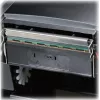 Godex RT730 Impresora de etiquetas térmica directa/térmica por transferencia industrial, 300 dpi, 102 mm/s, USB/LAN/Serie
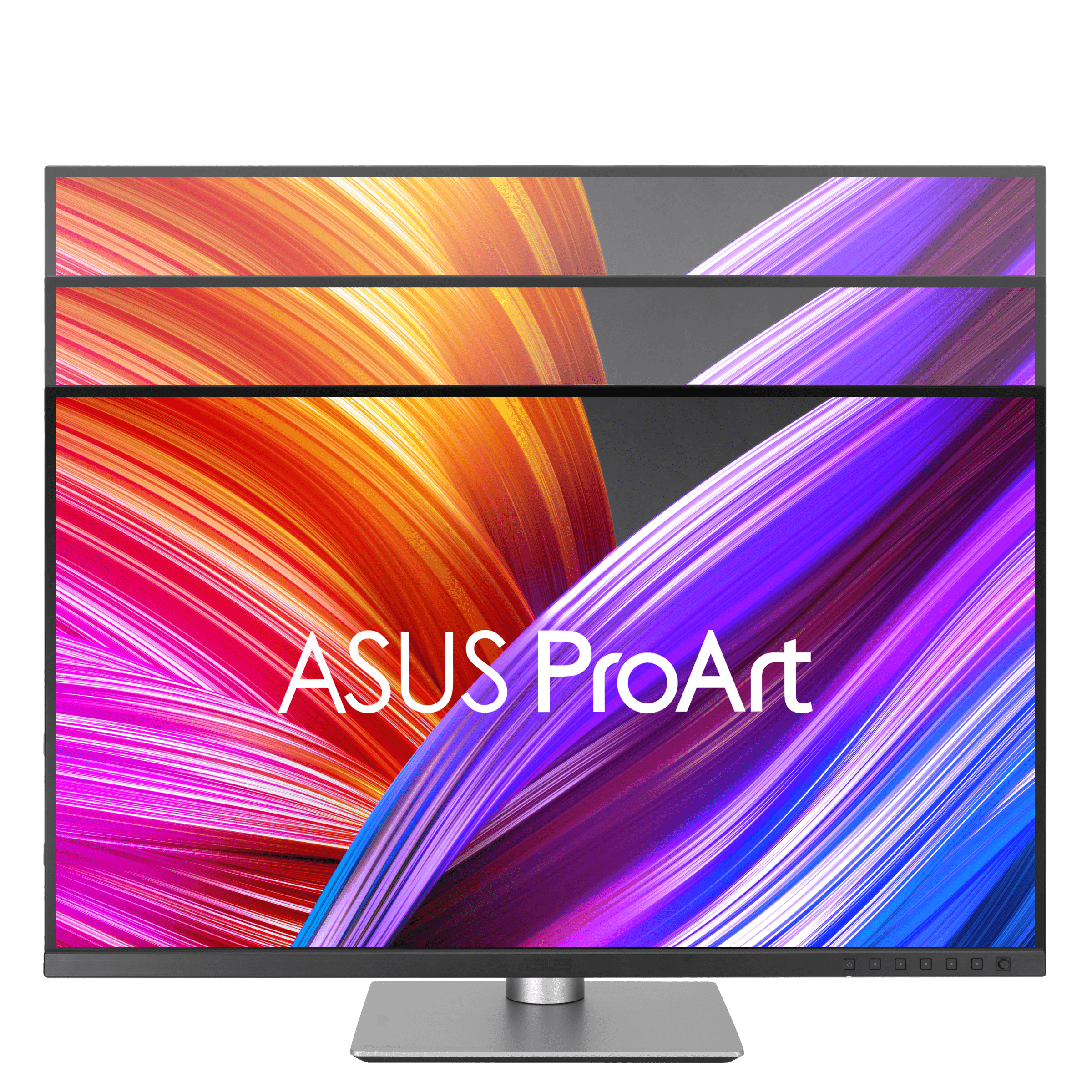 Test de l'écran Asus PA279CRV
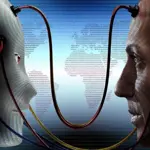 Anthropic researcher warns AI could wipe out human within a decade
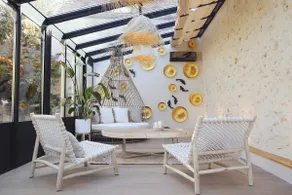 The Balinese House - Image 5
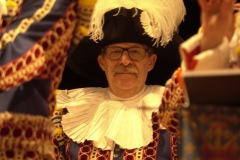 SoireeBaroque
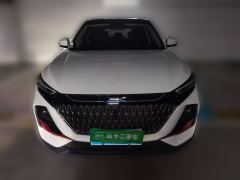 Oshan X7 PLUS Edition 1.5T Smart Version 5 - photo 2
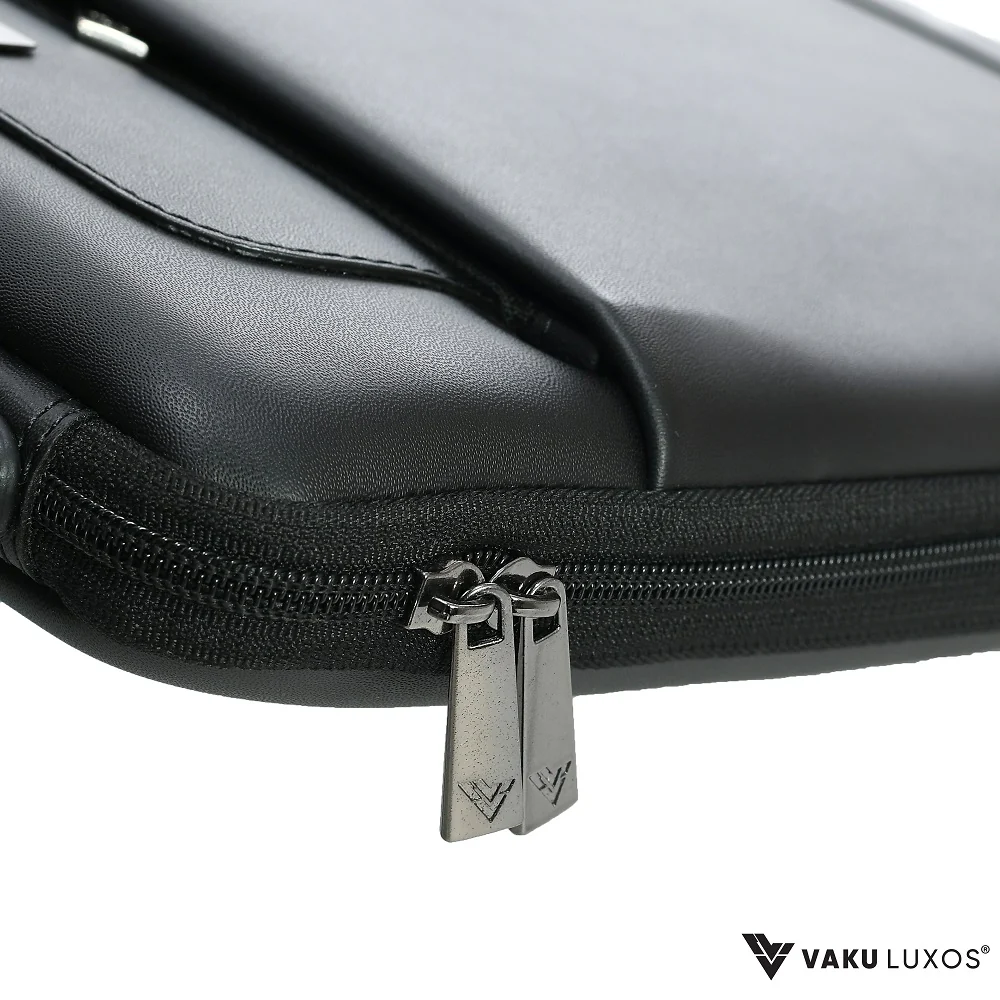 Vaku Luxos® DA Castelo Premium Collection Macbook 13" Sleeve - Image 17
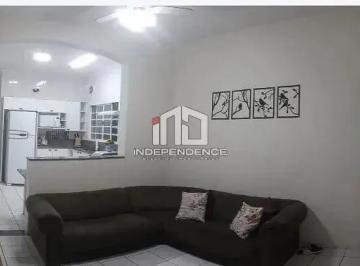 Estuda inclusão de carro como parte de pagamento.Casa térrea com 2 dormitórios,  · Casa em Jardim Torrão de Ouro, São José dos Campos/SP de 57m² 2 quartos à venda por R$ 325.000,00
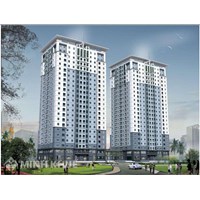 Thành lập công ty Xây dựng dân dụng dân dụng và công nghiệp?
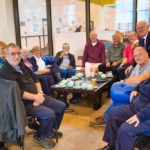 No.4_Boatshed_RNPA_100th_Anniversary_2019_1024x 23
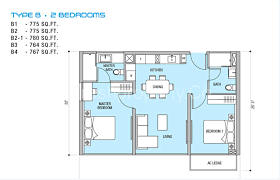 Third avenue, an inspirational architectural landmark designed for lifestyle living in cyberjaya. Third Avenue Cyberjaya New Project For Sale Freshproperty Co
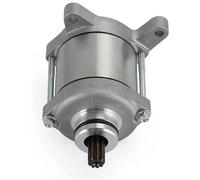 Démarreur De Démarrage Moto Pour CRF450R Pour CRF450RX OEM: 31200-MKE-A71 Pièces Et Accessoires De Moteur Pour Moteur De Moto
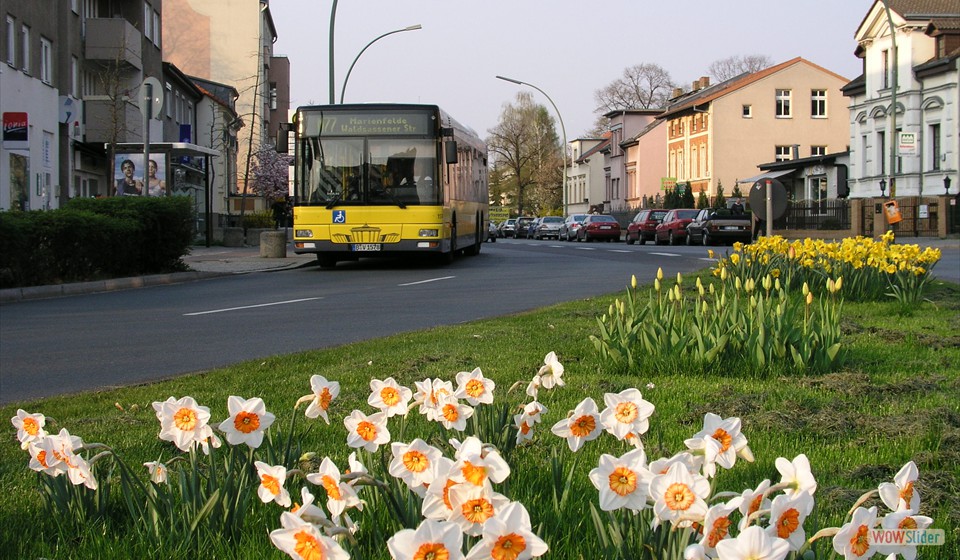 2005-04-15_014 Marienfelder A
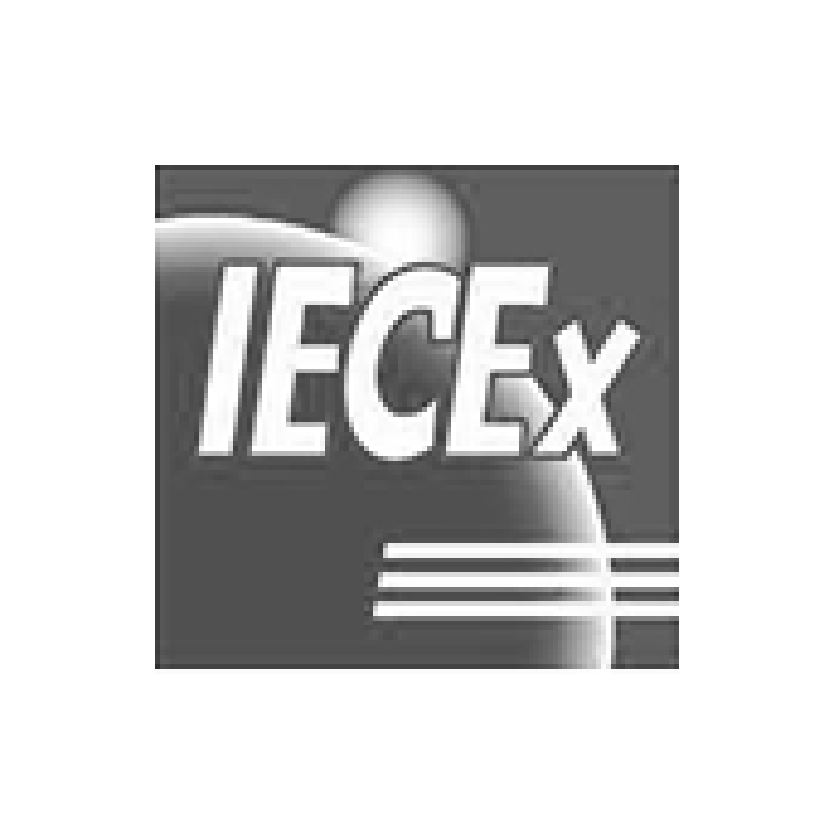 IECEX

========================================

ACTIVITY:
Retype each of the entries above exactly as it appears, with no pictures.

RESPONSE:
 Godex RT730 Impresora de etiquetas térmica directa/térmica por transferencia industrial, 300 dpi, 102 mm/s, USB/LAN/Serie
 Test de l'écran Asus PA279CRV
 Anthropic researcher warns AI could wipe out human within a decade
 The Balinese House - Image 5
 SoireeBaroque
 Oshan X7 PLUS Edition 1.5T Smart Version 5 - photo 2
 Vaku Luxos® DA Castelo Premium Collection Macbook 13" Sleeve - Image 17
 Estuda inclusão de carro como parte de pagamento.Casa térrea com 2 dormitórios,  · Casa em Jardim Torrão de Ouro, São José dos Campos/SP de 57m² 2 quartos à venda por R$ 325.000,00
 Thành lập công ty Xây dựng dân dụng dân dụng và công nghiệp?
 No.4_Boatshed_RNPA_100th_Anniversary_2019_1024x 23
 Third avenue, an inspirational architectural landmark designed for lifestyle living in cyberjaya. Third Avenue Cyberjaya New Project For Sale Freshproperty Co
 Démarreur De Démarrage Moto Pour CRF450R Pour CRF450RX OEM: 31200-MKE-A71 Pièces Et Accessoires De Moteur Pour Moteur De Moto
 2005-04-15_014 Marienfelder A
 IECEX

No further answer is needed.